▶ _Data for review_
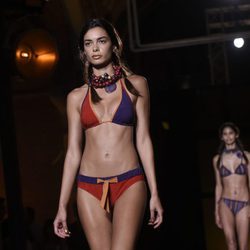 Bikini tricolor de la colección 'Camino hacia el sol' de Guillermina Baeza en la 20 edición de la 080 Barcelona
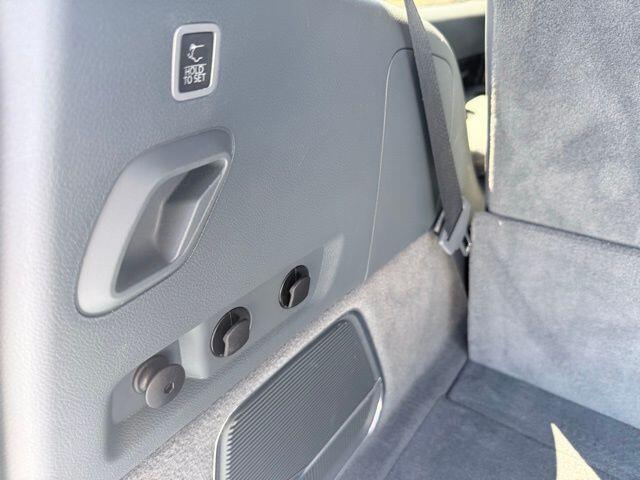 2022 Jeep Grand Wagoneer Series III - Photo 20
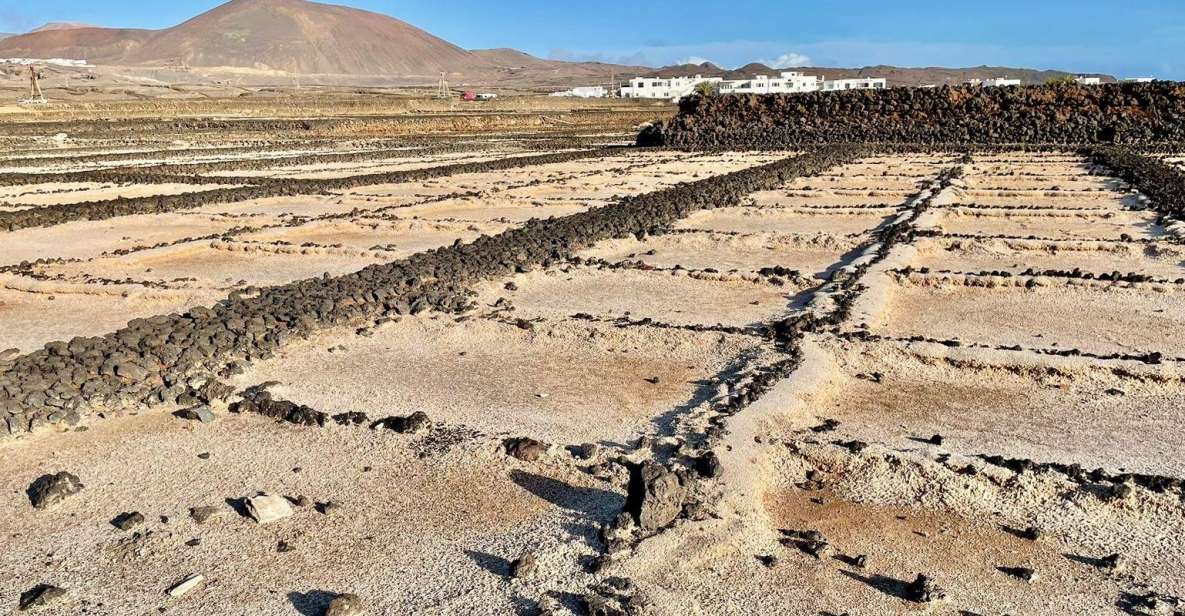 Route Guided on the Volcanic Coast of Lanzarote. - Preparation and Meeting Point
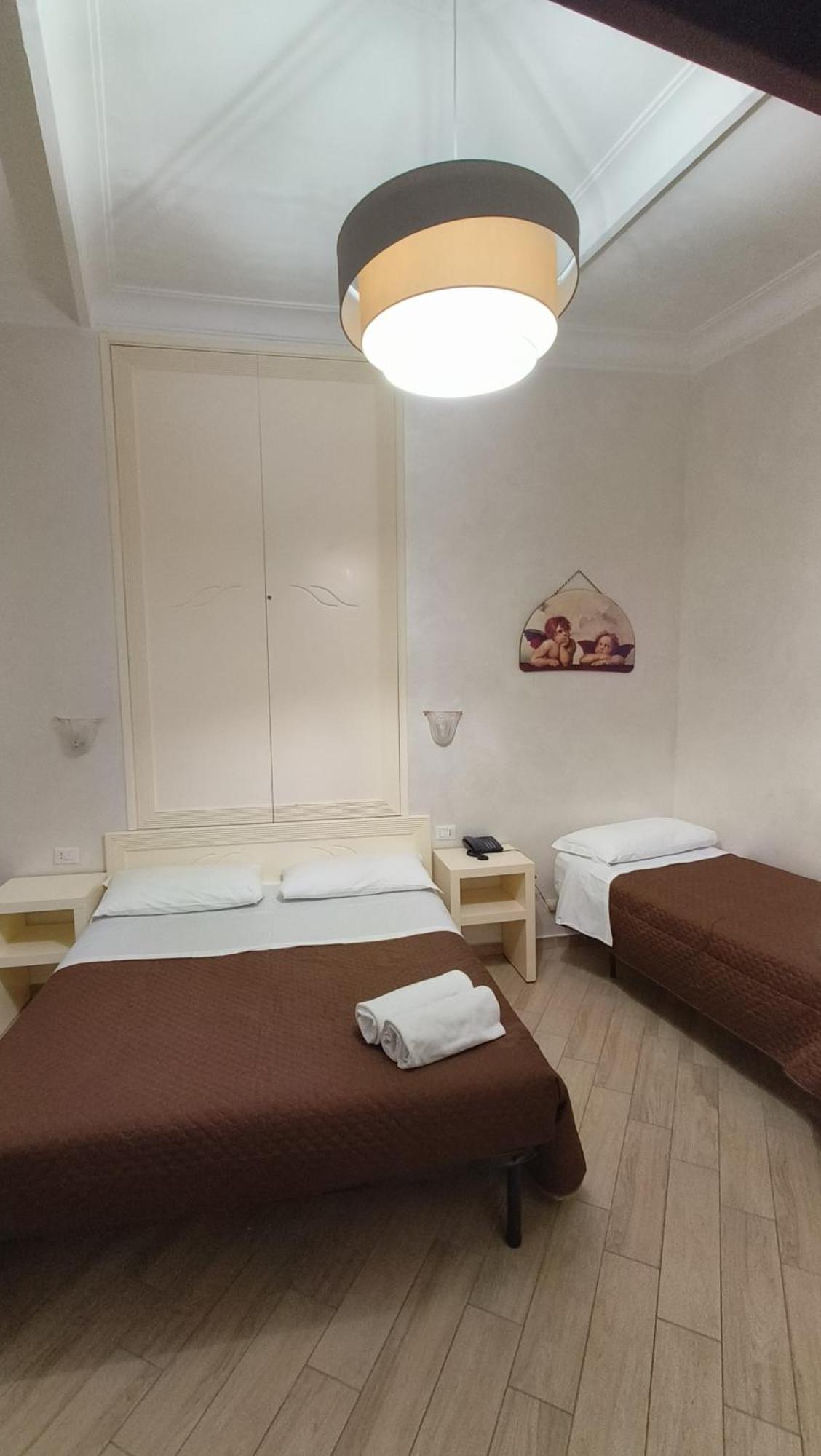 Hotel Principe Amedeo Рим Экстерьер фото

* * *

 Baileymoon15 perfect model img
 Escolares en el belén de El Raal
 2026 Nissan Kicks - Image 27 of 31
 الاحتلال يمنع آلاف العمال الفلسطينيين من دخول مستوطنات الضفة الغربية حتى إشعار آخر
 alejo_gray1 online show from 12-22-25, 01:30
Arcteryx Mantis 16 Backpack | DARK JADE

▶ _Required action_
For the material above, reproduce exactly the lines from the line with "alejo_gray1 online show from 12-22-25, 01:30" to the line with "Arcteryx Mantis 16 Backpack | DARK JADE", inclusive, and exclude all others.

▶ _Response area_
 alejo_gray1 online show from 12-22-25, 01:30
Arcteryx Mantis 16 Backpack | DARK JADE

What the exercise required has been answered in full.